When the area bound is small, we show that any such Lagrangian self-shrinking torus in $\mathbb R^4$ is embedded with uniform curvature estimates.
For a general area bound, we prove that the entropy for the Lagrangian self-shrinking tori can only take finitely many values; this is done by deriving a Łojasiewicz-Simon type gradient inequality for the branched conformal self-shrinking tori.
Using the finiteness of entropy values, we construct a piecewise Lagrangian mean curvature flow for Lagrangian immersed tori, along which the Lagrangian condition is preserved, area is decreasing, and the compact type I singularities with a fixed area upper bound can be perturbed away in finitely many steps. This is a Lagrangian version of the construction for embedded surfaces in ℝ³ in [17].

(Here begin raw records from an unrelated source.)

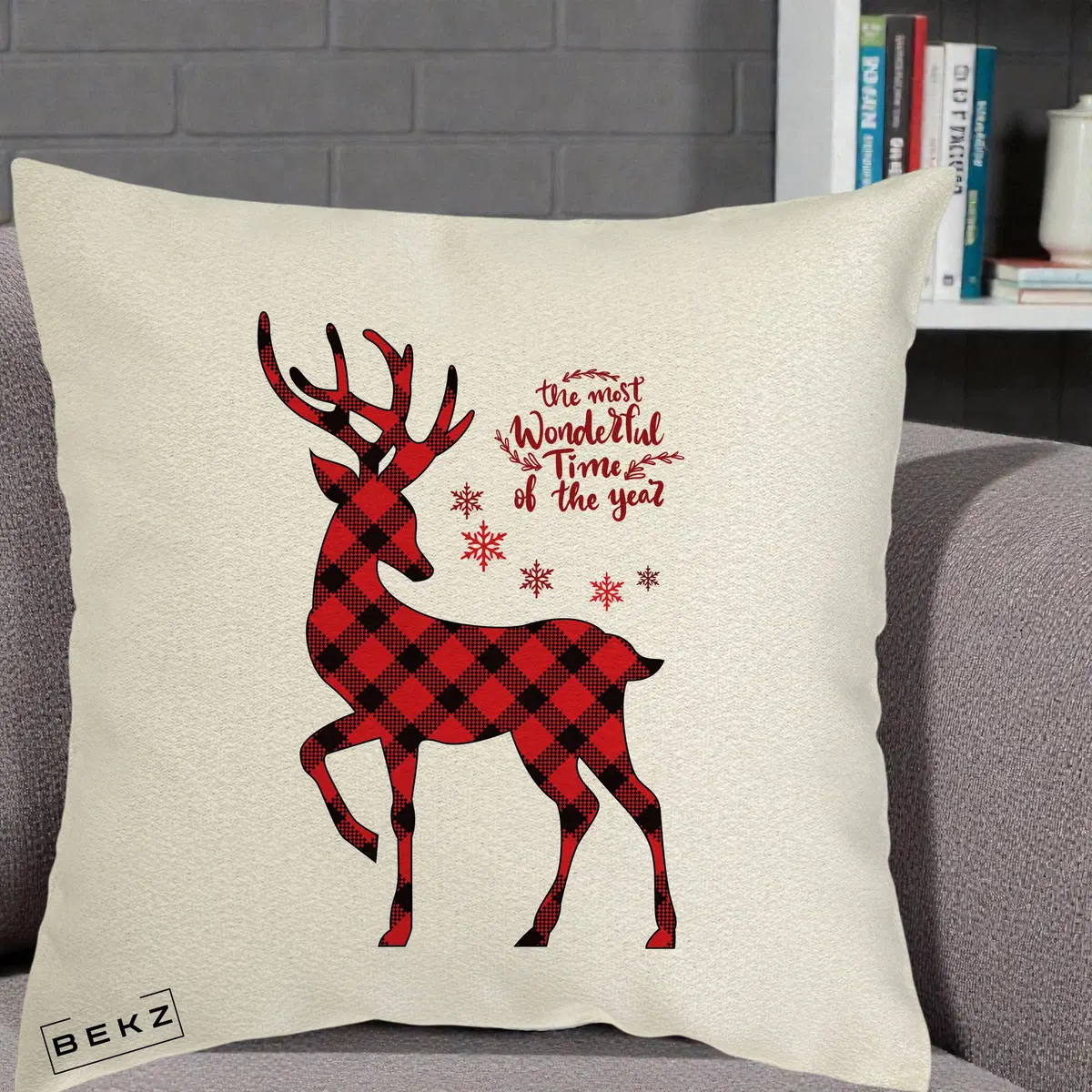 Perna Decorativa Ren Buffalo Plaid Craciun, 40x40 cm, Ecru, Husa Detasabila, Perna, BEKZ®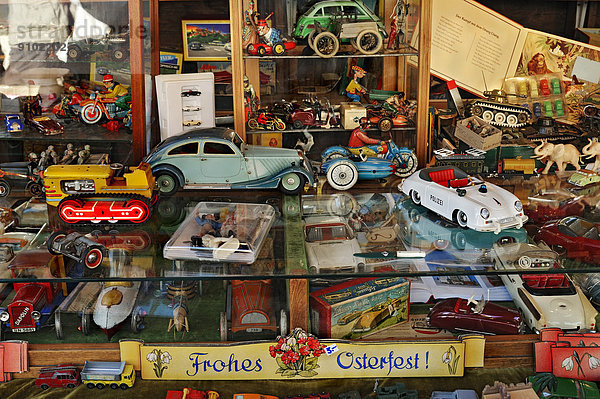Blechspielzeug  Verkaufsstand auf der Auer Dult  traditioneller Jahrmarkt  München  Bayern  Deutschland
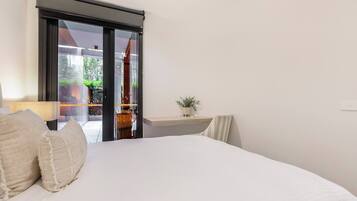 Desk, iron/ironing board, WiFi, bed sheets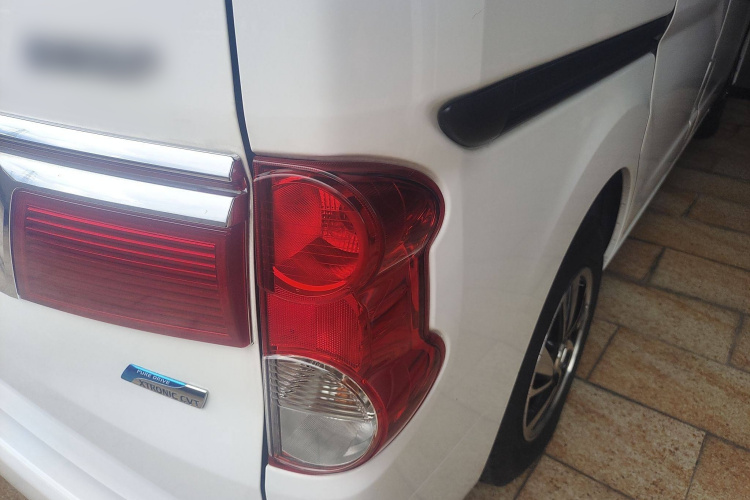 日产NV200 2016款 改款 1.6L CVT尊享型车身外观6005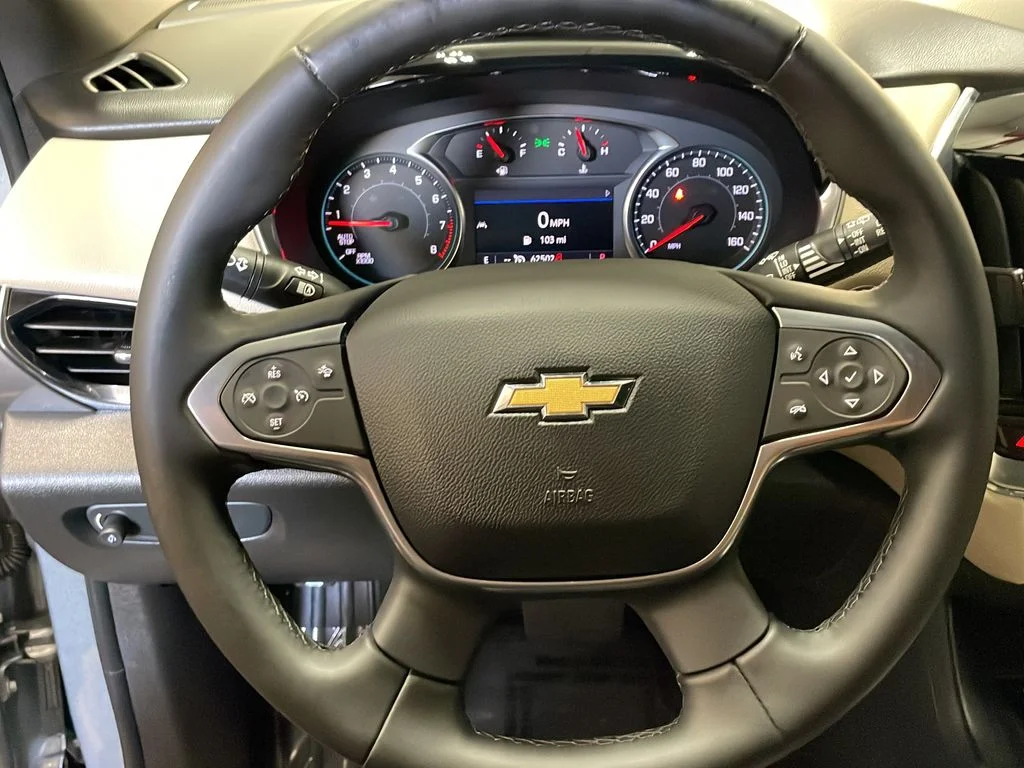 Used 2023 Gray Chevrolet LT image 37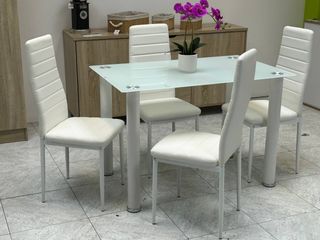 OFFERTA - Tavolo da Pranzo in Cristallo + 4 Sedie Bianche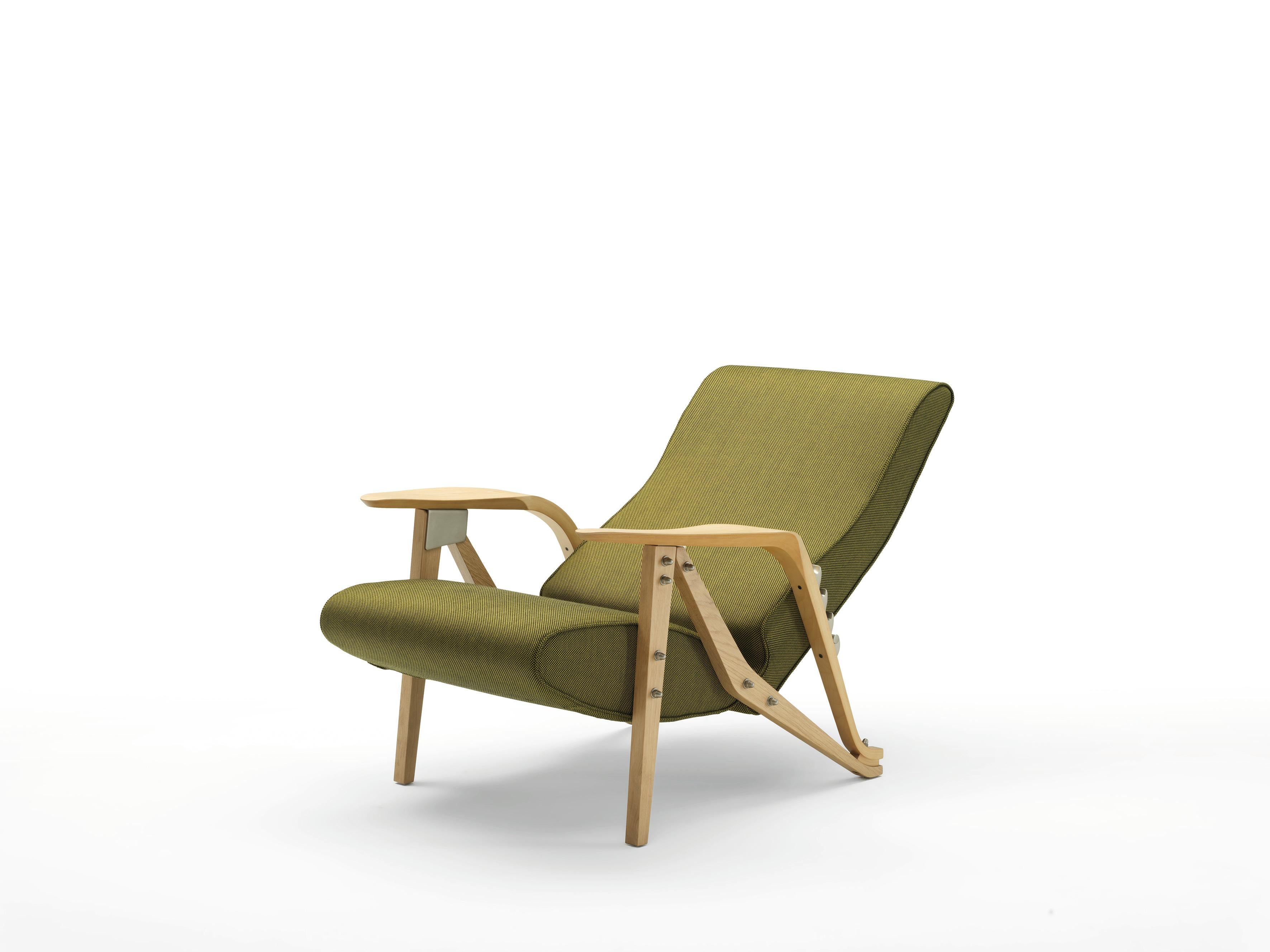 Zanotta Gilda CM Armchair in Green Upholstery with Natural Varnished Oak Frame In New Condition For Sale In Brooklyn, NY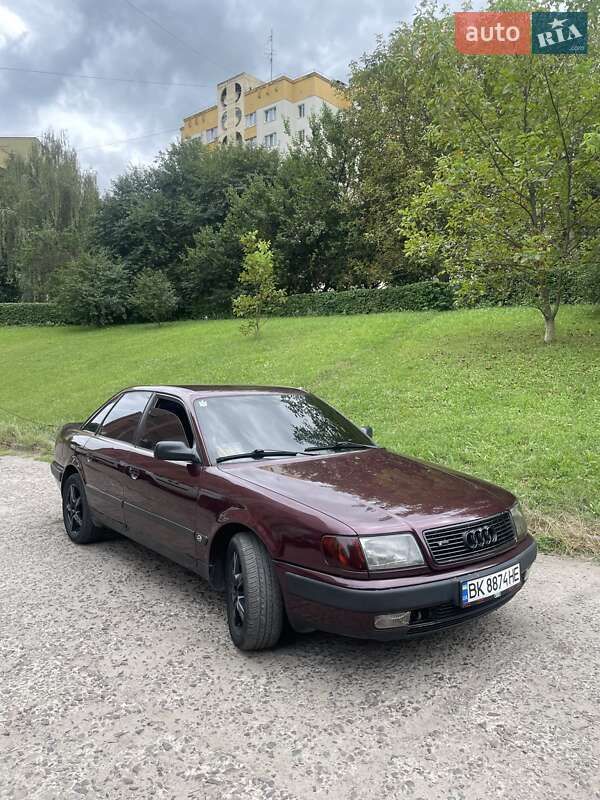 Седан Audi 100 1993 в Рівному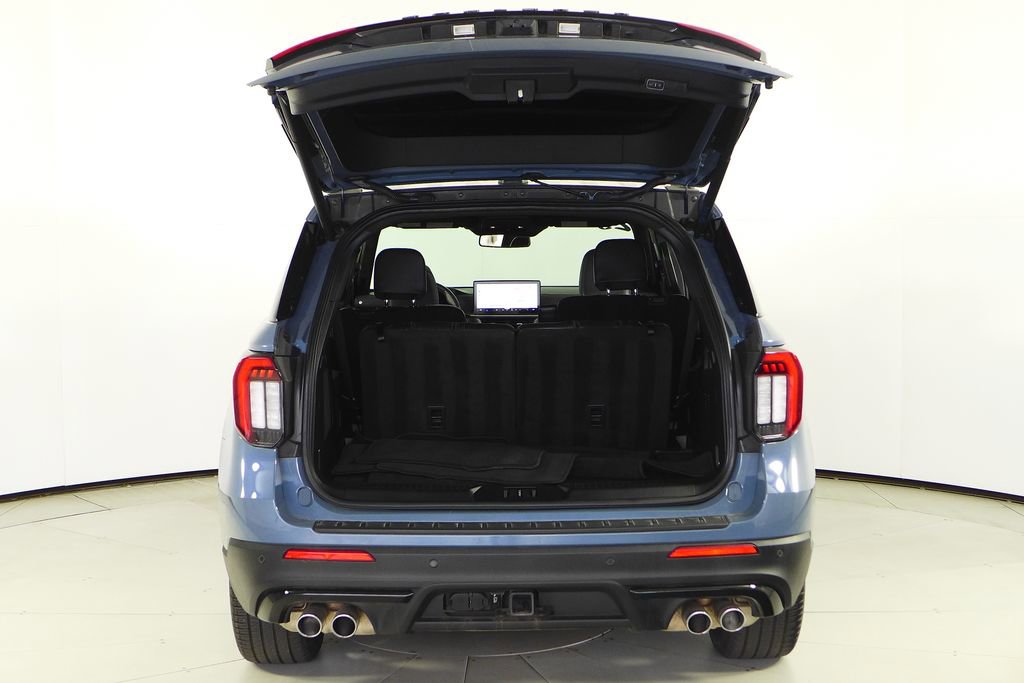 Used 2025 Ford Explorer ST AWD/4WD image 10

In the noncompact situation, we derive a parabolic Omori-Yau maximum principle for a proper mean curvature flow when the ambient space has lower bound on ℓ-sectional curvature. We apply this to show that the image of Gauss map is preserved under a proper mean curvature flow in euclidean spaces with uniform bounded second fundamental form. This generalizes a result of Wang [53] for compact immersions. We also prove a Omori-Yau maximum principle for properly immersed self-shrinkers, which improves a result in [8].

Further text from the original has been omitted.